• Exercise requirements:
All records below are to be set down precisely as written, excluding pictures.

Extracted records
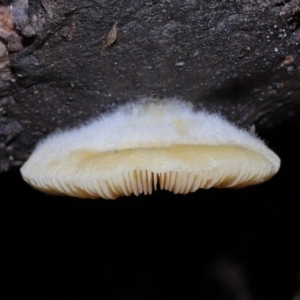 Crepidotus sp. at Paddys River, ACT - 22 Jun 2022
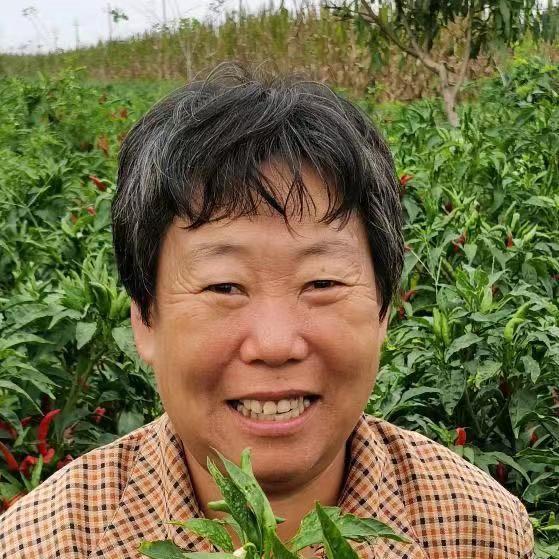 花姐和小五的日常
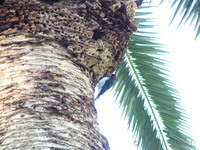 Bird on Catalina island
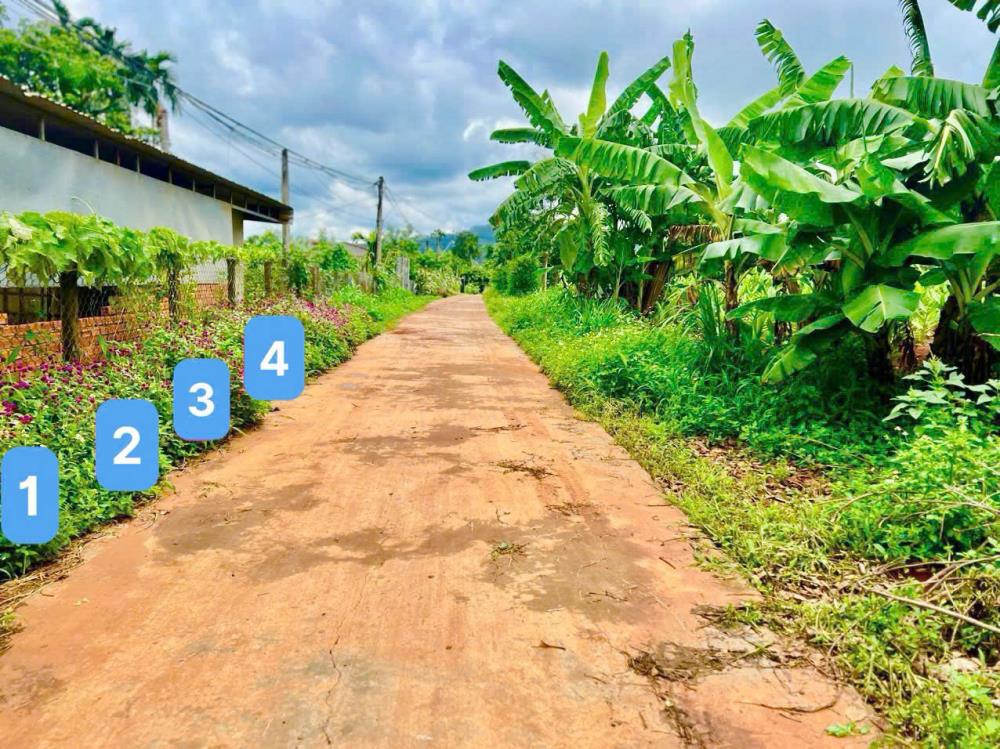 Ea Ning-Cư Kuin-Đắk Lắk đất mặt tiền đường bê tông view hồ 56 mát mẻ kdc đông ssawxn thổ cư chỉ nhỉnh hơn 100tr2585649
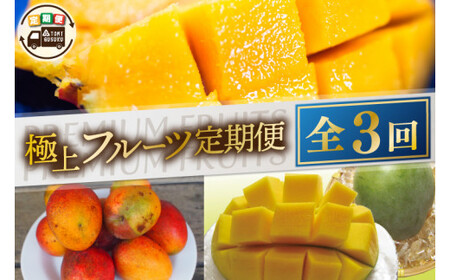 【2026年6月より順次発送】【全3回】豊見城 極上フルーツ定期便(6・7・8月コース) (AC022)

• Solution for this exercise:
 Crepidotus sp. at Paddys River, ACT - 22 Jun 2022
 花姐和小五的日常
 Bird on Catalina island
 Ea Ning-Cư Kuin-Đắk Lắk đất mặt tiền đường bê tông view hồ 56 mát mẻ kdc đông ssawxn thổ cư chỉ nhỉnh hơn 100tr2585649
 【2026年6月より順次発送】【全3回】豊見城 極上フルーツ定期便(6・7・8月コース) (AC022)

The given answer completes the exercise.